>>>
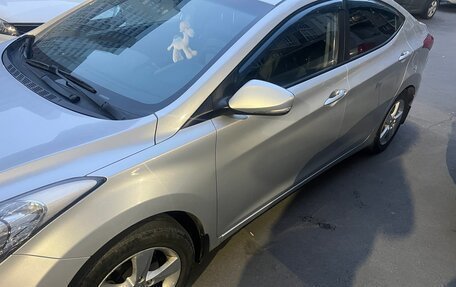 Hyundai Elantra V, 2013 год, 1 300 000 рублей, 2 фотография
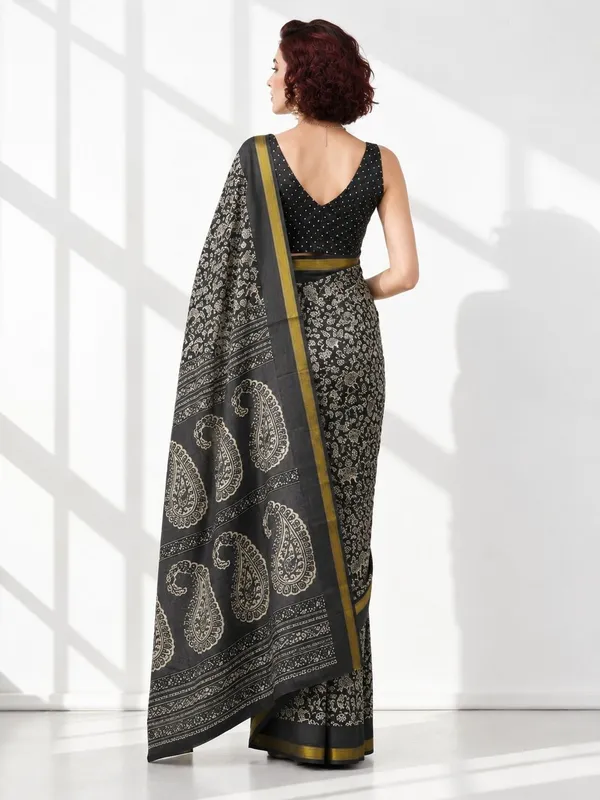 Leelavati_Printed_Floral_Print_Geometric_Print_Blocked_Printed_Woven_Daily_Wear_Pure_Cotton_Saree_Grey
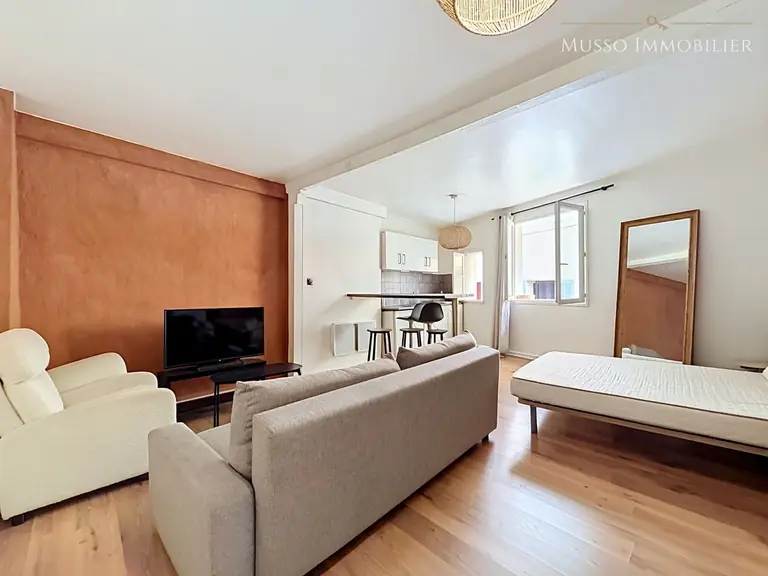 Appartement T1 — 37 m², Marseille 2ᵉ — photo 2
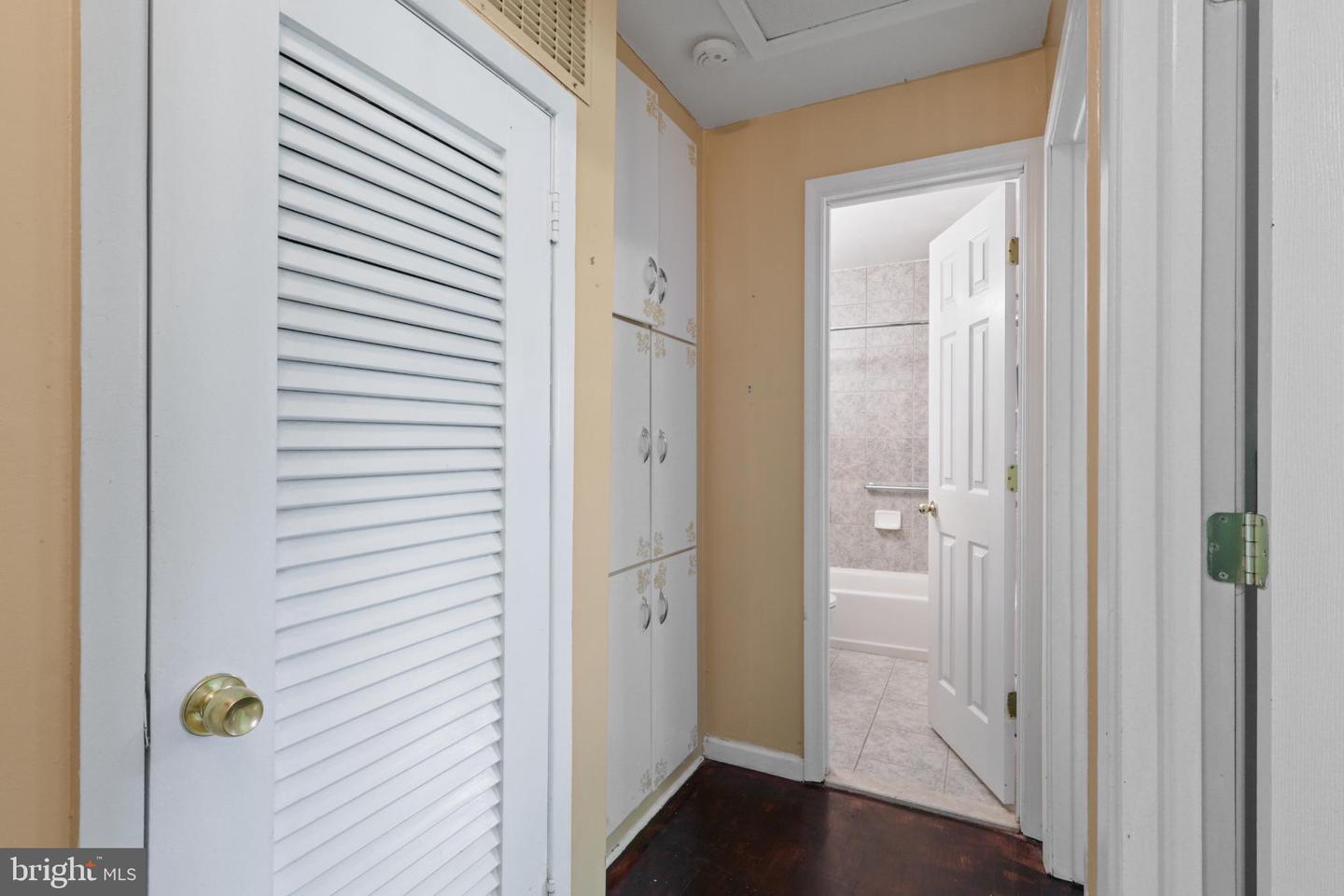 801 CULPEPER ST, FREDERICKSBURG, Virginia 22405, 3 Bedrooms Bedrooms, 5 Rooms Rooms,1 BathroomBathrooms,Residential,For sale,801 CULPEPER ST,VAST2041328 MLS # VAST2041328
<<<
## EXERCISE DESCRIPTION
Set down exactly the lines between the one with "Appartement T1 —" and the last line of the material above, both included, but none of the pictures.

## REPLY
 Appartement T1 — 37 m², Marseille 2ᵉ — photo 2
 801 CULPEPER ST, FREDERICKSBURG, Virginia 22405, 3 Bedrooms Bedrooms, 5 Rooms Rooms,1 BathroomBathrooms,Residential,For sale,801 CULPEPER ST,VAST2041328 MLS # VAST2041328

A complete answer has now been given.